The first step in quieting triggers is understand a little about something call a conditioned emotional response. Conditioned emotional responses result from what is known as classical conditioning. In the early twentieth century, a Russian scientist named Ivan Petrovich Pavlov showed how automatic responses can be triggered by things that normally have no connection to them.
In his experiment, he sounded a bell just before giving hungry dogs food that caused them to salivate. With repetition, the neutral stimulus (the bell) became associated with the food. The salivating of dogs that is normally triggered by the sight or smell of food was now being triggered by something that had no connection to food. This type of automatic response in now know as classical conditioning.
In 1920 John B. Watson and Rosalie Rayner did an experiment that would never be done today in which the conditioned a 9-month-old boy called "Albert" to become afraid of a white rat. They started by making him cry by the loud noise of a hammer striking a steel bar. Then they showed Albert the rat along with the loud noise. At first Albert showed no fear of rat, but after the sight of the rat had been accompanied five times by the loud noise, he cried and tried to escape, showing that the rat had become what they called a conditioned emotional response.

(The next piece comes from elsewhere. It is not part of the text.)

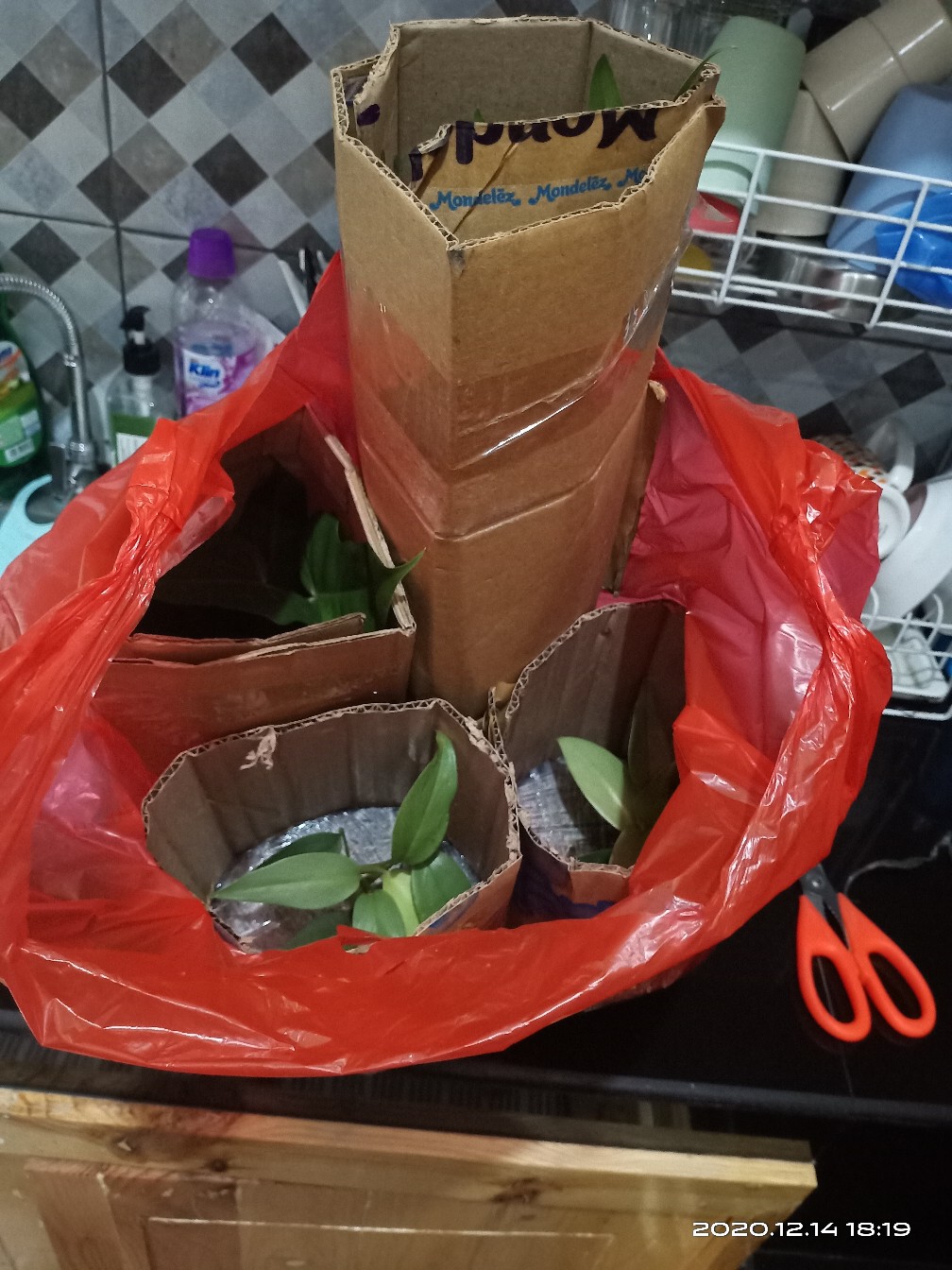 Philodendron Hastatum Silver Lokal/philo Silver Sword Lokal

It turns out that classical conditioning and conditioned emotional responses play a major, though usually unrecognized, role in your daily life. Many of your preferences and dislikes result from the conditioning you experienced when you were young. Think of the types of food you like to eat. You probably enjoy food you are familiar with and often do not like food that differs from what you know. Because you have been conditioned to enjoy the sights, odors, and tastes of food you are familiar with, they trigger a positive response when you are hungry.

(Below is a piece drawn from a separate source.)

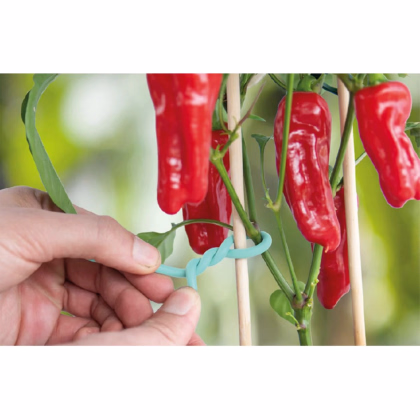 Gumový pás s drôtom - SOGO - pestovateľské pomôcky - 7 m - 1 ks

In the same way, the sights, odors, and tastes of unfamiliar foods or spices may produce the opposite reaction. Just the sight of people eating some foods, such as snakes, grubs, or insects, may even sicken you while others find their mouths watering at the sight of such delicacies. The same can be said of the music you enjoy, as well as many aspects of how you approach work, what you find entertaining, and what attracts you to others. Triggers, then, are a conditioned emotional response where events or situations produce a negative emotional response that is either not logical or more intense than what would normally be expected.